#### [Problem]
Repeat the following entries verbatim, apart from the pictures.

#### [Recorded data]
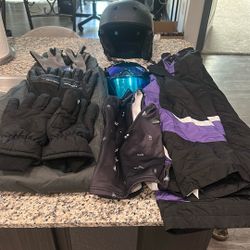 Snow Boarding/Skiing Gear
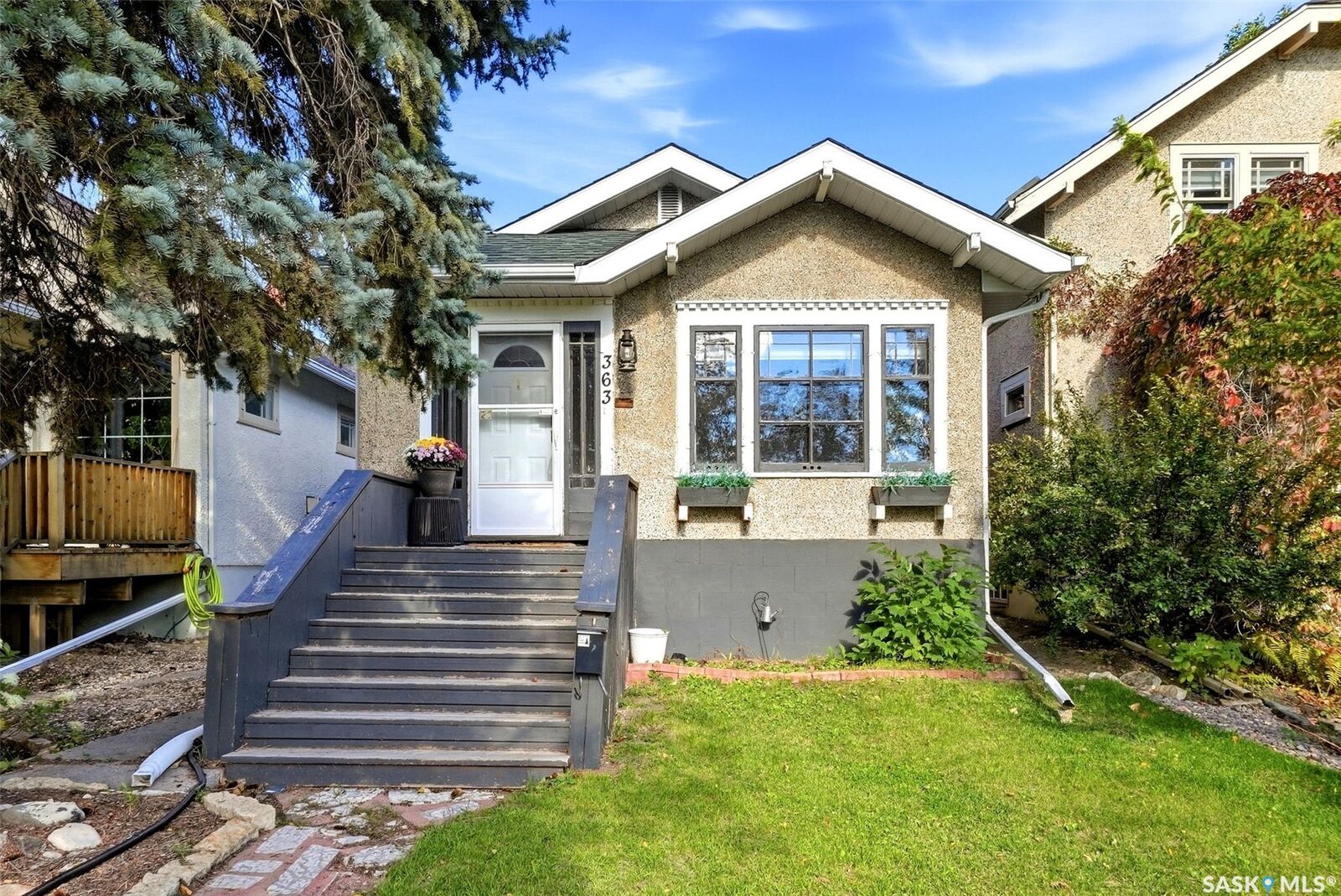 Property Photo:  363 Leopold Crescent  SK S4T 6N8 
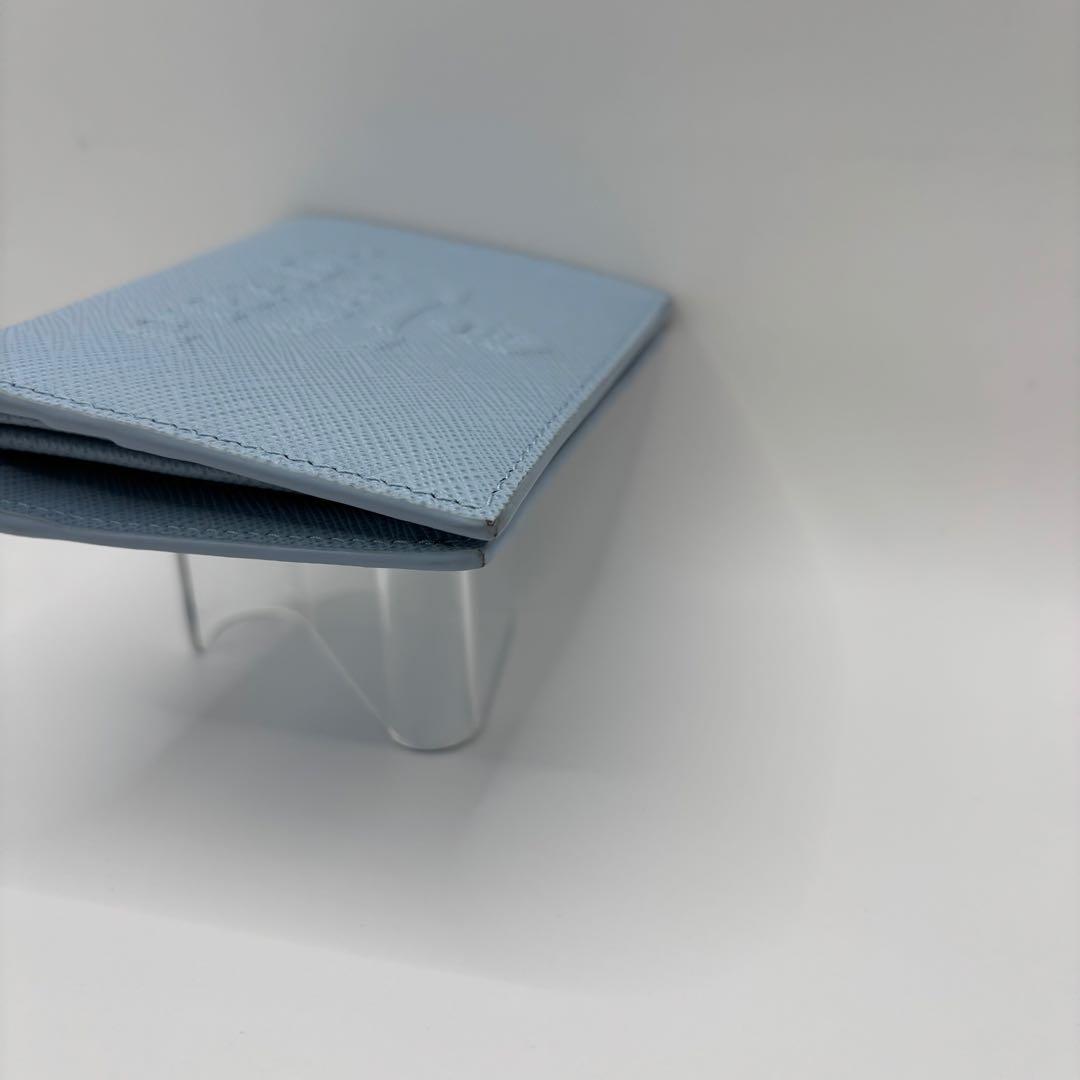 美品　PRADA 二つ折り財布　サフィアーノエンボス　ライトブルー 1MV204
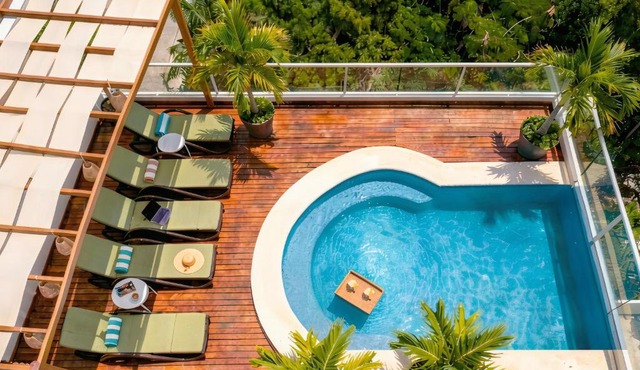 Pool & Patio 1BR 2BR Suites Sleeps 2-8, Beach & 5th Ave 10 Min, New Chedraui 15 Min, Kitchen WiFi AC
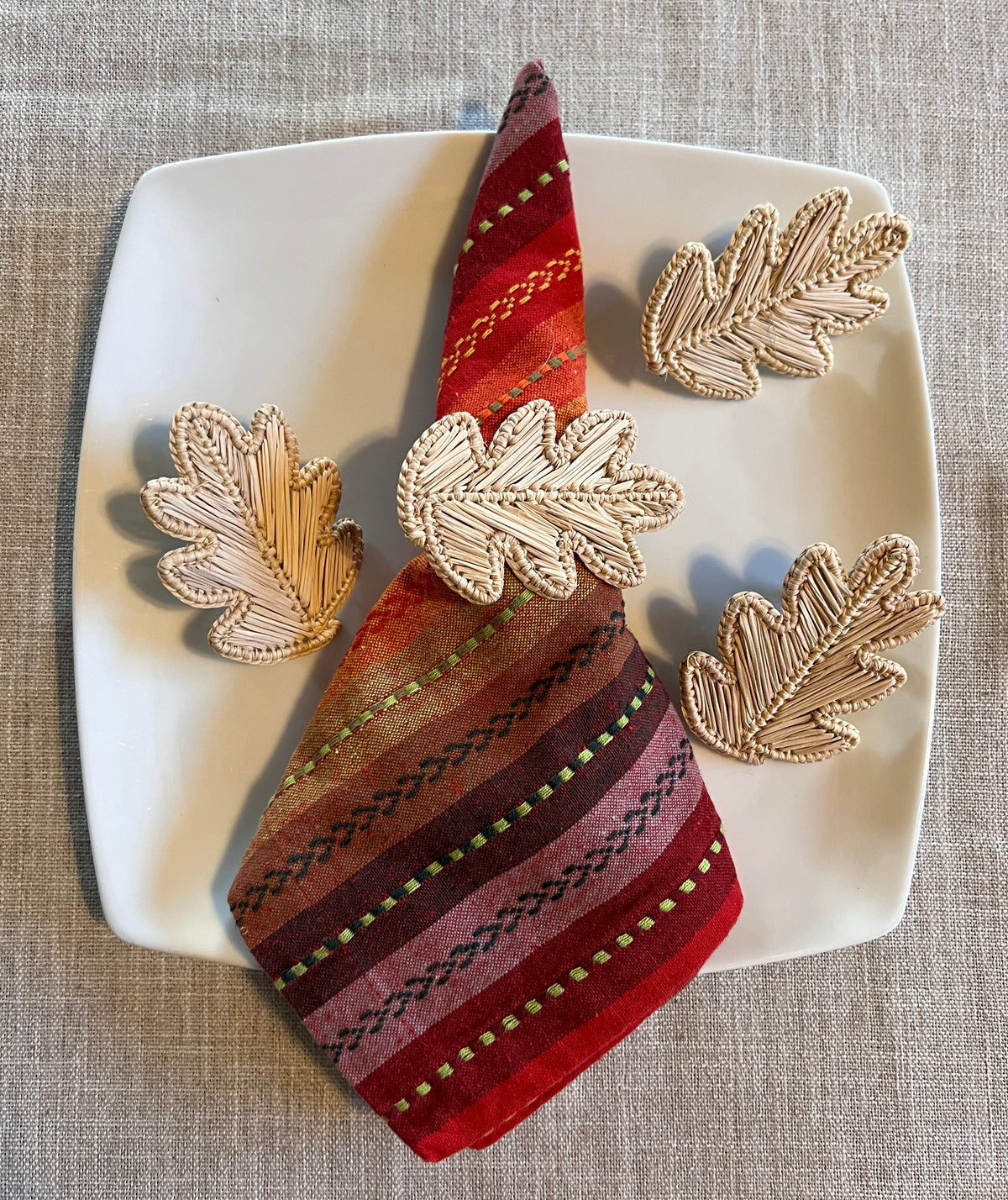 Maple Leaf Napkin Ring  – Table Decor Colombia-4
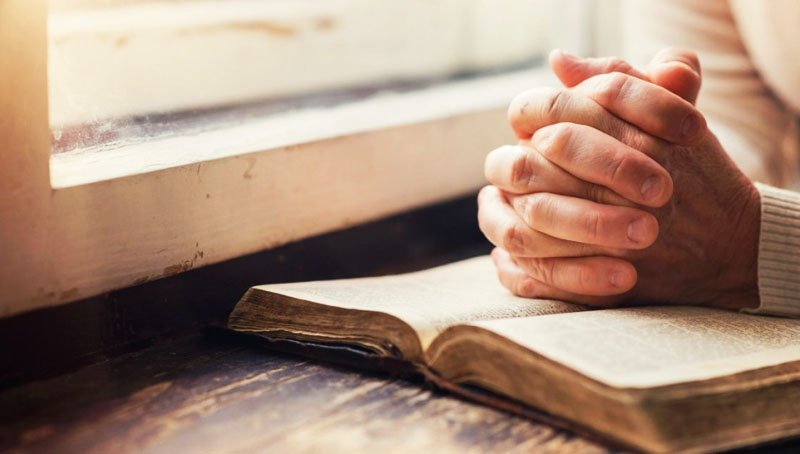 Lúc nguy khốn, lời cầu nguyện của ai sẽ được đáp trả?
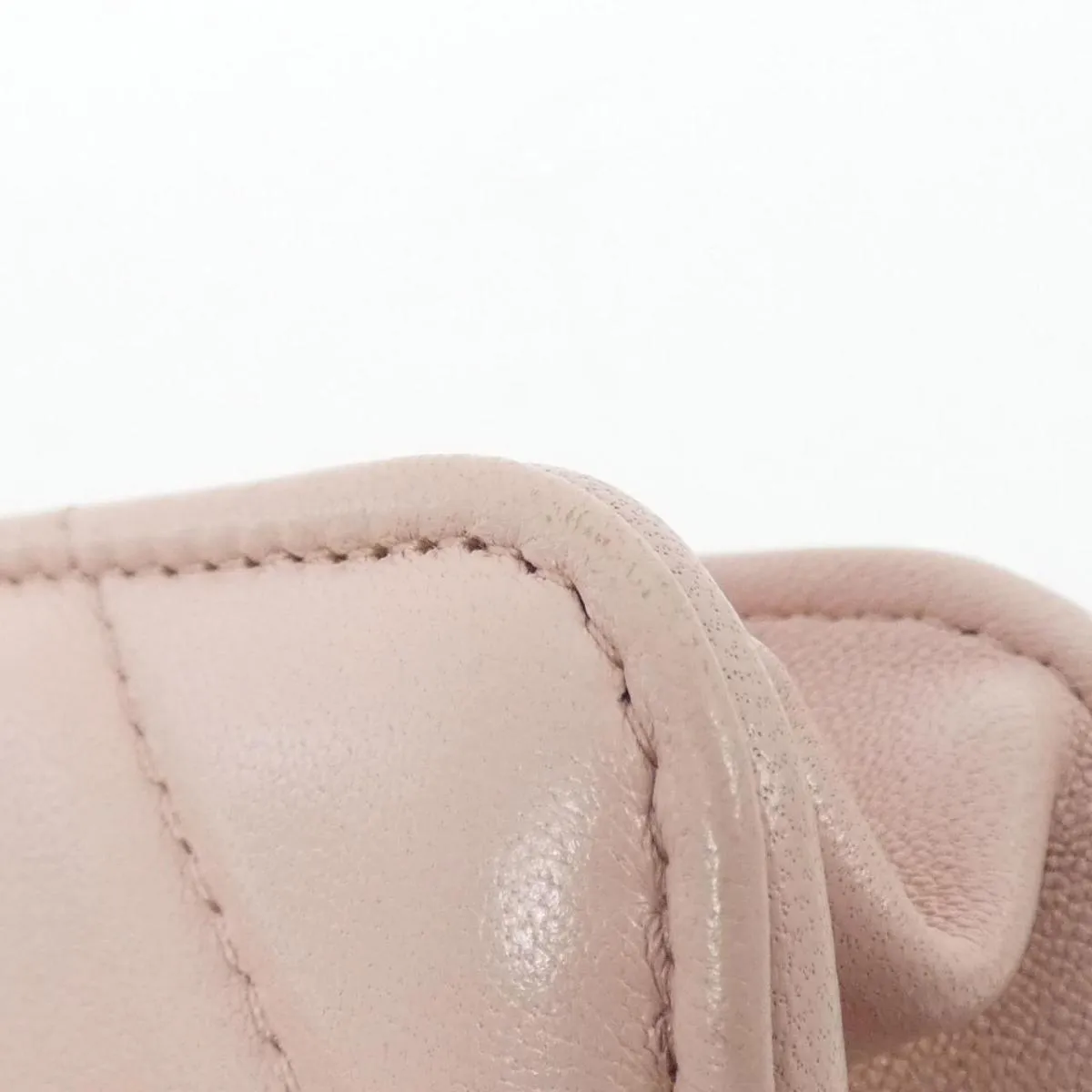 Chanel 19 Line AP3067 Phone Case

#### [Output below]
 Snow Boarding/Skiing Gear
 Property Photo:  363 Leopold Crescent  SK S4T 6N8 
 美品　PRADA 二つ折り財布　サフィアーノエンボス　ライトブルー 1MV204
 Pool & Patio 1BR 2BR Suites Sleeps 2-8, Beach & 5th Ave 10 Min, New Chedraui 15 Min, Kitchen WiFi AC
 Maple Leaf Napkin Ring  – Table Decor Colombia-4
 Lúc nguy khốn, lời cầu nguyện của ai sẽ được đáp trả?
 Chanel 19 Line AP3067 Phone Case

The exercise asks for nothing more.